Panasonic Premiere TH-65VX100U 65-inch plasma HDTV
The Short Form
|$10,000 / PANASONIC.COM/BUSINESS/PLASMA/PREMIERE_SERIES|
|Panasonic's Premiere plasma lives up to its name, but at a premium price|
|• Stable, filmlike picture • Punchy contrast • Natural-looking color • Excellent shadow detail • Impressive industrial look and build quality|
|• Plug-in input card options may be limiting • Expensive for its size class|
|• 65-inch (diagonal) screen • Wide color gamut • 60,000:1 specified contrast ratio • 18-bit video processing • 16 user-adjustable picture memories • Interchangeable plug-in input cards • Optional stand TY-ST65VX100, ($1,000) • 61¼ x 36½ x 3¾ in; 152¼ lb|
On first glance, I was impressed by the Panasonic's heft and construction. A black, brushed-aluminum bezel with a raised logo surrounds the screen. Around the perimeter is another 1 [1/2 ] inches of black masking that further surrounds the image. All of this substantial framing adds to the TV's wow factor even before it gets turned on. Panasonic's matching tabletop stand (model TY-ST65VX100 ) is a sturdy plastic affair that looks fine but doesn't quite live up to the panel's high-end aesthetics.
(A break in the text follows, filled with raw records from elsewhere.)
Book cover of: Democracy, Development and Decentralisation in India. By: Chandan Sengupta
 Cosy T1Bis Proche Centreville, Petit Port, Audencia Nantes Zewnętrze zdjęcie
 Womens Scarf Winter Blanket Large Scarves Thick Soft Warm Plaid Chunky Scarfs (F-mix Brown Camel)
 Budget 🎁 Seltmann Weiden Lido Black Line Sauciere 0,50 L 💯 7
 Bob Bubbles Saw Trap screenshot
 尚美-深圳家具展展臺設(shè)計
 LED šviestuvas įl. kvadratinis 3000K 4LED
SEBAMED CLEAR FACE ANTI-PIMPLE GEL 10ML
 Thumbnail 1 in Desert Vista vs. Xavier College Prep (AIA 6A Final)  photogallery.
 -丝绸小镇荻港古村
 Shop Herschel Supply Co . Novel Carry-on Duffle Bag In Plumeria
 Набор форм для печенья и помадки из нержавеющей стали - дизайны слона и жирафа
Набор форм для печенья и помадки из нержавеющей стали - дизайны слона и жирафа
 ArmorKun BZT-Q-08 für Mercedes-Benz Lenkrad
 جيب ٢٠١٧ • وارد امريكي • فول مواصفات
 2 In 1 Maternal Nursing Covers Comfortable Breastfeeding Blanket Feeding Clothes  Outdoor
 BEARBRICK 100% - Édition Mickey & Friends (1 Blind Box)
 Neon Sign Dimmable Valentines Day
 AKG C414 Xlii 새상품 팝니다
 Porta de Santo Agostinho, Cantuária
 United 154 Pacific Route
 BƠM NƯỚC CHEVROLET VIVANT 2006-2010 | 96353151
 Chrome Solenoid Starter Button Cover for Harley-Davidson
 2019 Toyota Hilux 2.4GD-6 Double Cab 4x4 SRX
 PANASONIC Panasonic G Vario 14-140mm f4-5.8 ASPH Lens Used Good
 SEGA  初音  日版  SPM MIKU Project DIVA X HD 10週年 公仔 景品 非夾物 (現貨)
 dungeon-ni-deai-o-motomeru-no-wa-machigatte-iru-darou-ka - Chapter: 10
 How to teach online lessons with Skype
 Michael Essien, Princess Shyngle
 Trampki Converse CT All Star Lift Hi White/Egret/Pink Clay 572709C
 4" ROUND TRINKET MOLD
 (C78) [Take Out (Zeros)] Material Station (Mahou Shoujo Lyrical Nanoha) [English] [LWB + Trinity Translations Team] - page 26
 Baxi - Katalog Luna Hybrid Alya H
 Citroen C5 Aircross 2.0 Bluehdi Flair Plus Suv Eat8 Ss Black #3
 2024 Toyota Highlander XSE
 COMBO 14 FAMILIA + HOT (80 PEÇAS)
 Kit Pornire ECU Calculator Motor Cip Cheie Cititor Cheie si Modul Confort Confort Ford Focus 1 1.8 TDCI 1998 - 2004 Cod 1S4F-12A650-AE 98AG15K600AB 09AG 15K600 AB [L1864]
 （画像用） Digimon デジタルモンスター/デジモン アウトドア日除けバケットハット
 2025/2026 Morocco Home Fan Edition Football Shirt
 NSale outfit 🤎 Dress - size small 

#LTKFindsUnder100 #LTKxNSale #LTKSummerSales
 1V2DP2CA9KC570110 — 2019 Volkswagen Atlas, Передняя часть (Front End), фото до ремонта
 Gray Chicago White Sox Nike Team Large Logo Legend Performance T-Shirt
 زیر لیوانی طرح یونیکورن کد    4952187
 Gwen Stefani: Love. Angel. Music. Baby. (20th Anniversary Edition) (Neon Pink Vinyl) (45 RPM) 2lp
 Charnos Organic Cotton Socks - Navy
Around back, you'll find only two fixed connections: a standard 15- pin RGB PC input with audio and an RS-232C control port. Other inputs reside on optional plug-in cards that can be swapped based on your needs. Many of the available cards are for professional applications. But the unit comes standard with two HDMI cards, each with a pair of ports, and my sample was outfitted with a component-video plus stereo audio card. (Installers take note: An infrared pass-through card is also available.) Though Panasonic neither provides nor sells optional speakers for the 65VX100U, it has an internal amplifier along with spring-clip connections for a pair you might provide yourself. There are no composite- or S-video inputs (not even on optional plug-in cards), and no convenience terminals on the front or side for jacking in a camcorder, camera, or game console. Granted, the dearth of inputs won't be an issue when an A/V receiver or external switcher is used, but I can see it causing headaches in some installations.
A few basic controls are hidden under the bezel on the TV's bottom left . Its supplied plastic remote - a likely throwaway in custom installs - is nicely weighted. There's a big Menu button above the navigation cluster, and direct buttons nearby for all the inputs. Rockers traditionally used for volume and channel are labeled Input and Video Menu here . The latter steps you through the picture presets: Standard, Dynamic, Cinema, and Monitor. The Aspect button walks you through several options that vary with the input signal; for high-def these include Full (16:9), Zoom, Just, 4:3, and Horizontal Fill. The 1:1 "pixel-for-pixel" mode affects the Full mode when it's selected and can be chosen as the default in the setup menu.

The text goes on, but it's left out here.